Coming home from school instead of going straight for my homework, I'd beeline for the fridge to pop it open, cut up some slabs of butter, stick them in the microwave to melt them down. Then I'd open a pack of Polly‑O string cheese to dip the cheese into the butter for what I swear to you is the tastiest snack that you will ever taste.
On days I was feeling a little more ambitious, I would stuff a pita with tortilla chips, stick in some Polly‑O string cheese and hot sauce for what I called a nacho pita sandwich.
Obviously, I've been innovating from a young age. But, still, no homework got done. When I was caught without my homework, I'd make up excuses like, “Oh, I had to take a bath.” Yes, it just so happens to be the longest bath in the history of the universe.
In the event of a pop quiz, I’d dart out of the room, pretending like I had to desperately barf, then I'd go to the nurse's office and call up my doctor mom and get the all clear to hang out with the nurse, coloring until the test was over.
If I knew a test was coming, I would go in the morning to my mom, clutching my stomach and just whine, “Tummy…” like the child that I was. Instant sick note.
Now, cut to the first day of fourth grade. I walk into Mrs. T's homeroom class and the desks are clustered in groups of four. On each desk, there's a name tag and a manila folder. So, all of us young ‘uns come in, scrambling around the room, trying to find the name tags that match our appropriate names. We sit down and once the dust is settled, Mrs. T goes through her, “Welcome to the fourth grade, the beginning of your new academic journey.”
Once she's done with her introductory spiel, she tells us to prop up our manila folders, and instantly, I know what's up, test time on the first damn day.

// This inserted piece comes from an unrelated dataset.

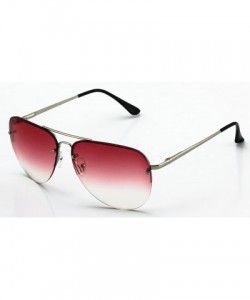 Sport Gradient Oceanic Lens Oversized Rimless Metal Frame Unisex Aviator Sunglasses - Silver Frame/ Red Lens - CO11HWM7ST7 $1...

Now, fortunately, at this point, I'm a seasoned get‑out‑of‑test taker. So what I do is I raise my hand a little shakily for effect and go through my tummy woes. But this wizened fourth grade teacher is just not buying it. She sends me straight back to my desk because we have a math placement test to take, mandatory.
Now, I should tell you that despite the fact that I was chronically lazy, I never thought of myself as being particularly dumb. But I never really thought of myself as being smart either. I just didn't really think about it. It didn't factor into my identities at all.
But Mrs. T told us that this placement test would split us up into two levels. Looking back at it in retrospect, it was Level 1 or Level 2. This was kind of designed to bamboozle our young minds into not really knowing what was going on, because, sure, we all knew that because it was levels, one had to be better than the other, but at that age, first is still the worst and second is the best.
But one comes before two, so maybe that's the one that I want. But two comes after one, so maybe that's more advanced. Then at some point, you're just wondering, “Where the hell are my fruit snacks?”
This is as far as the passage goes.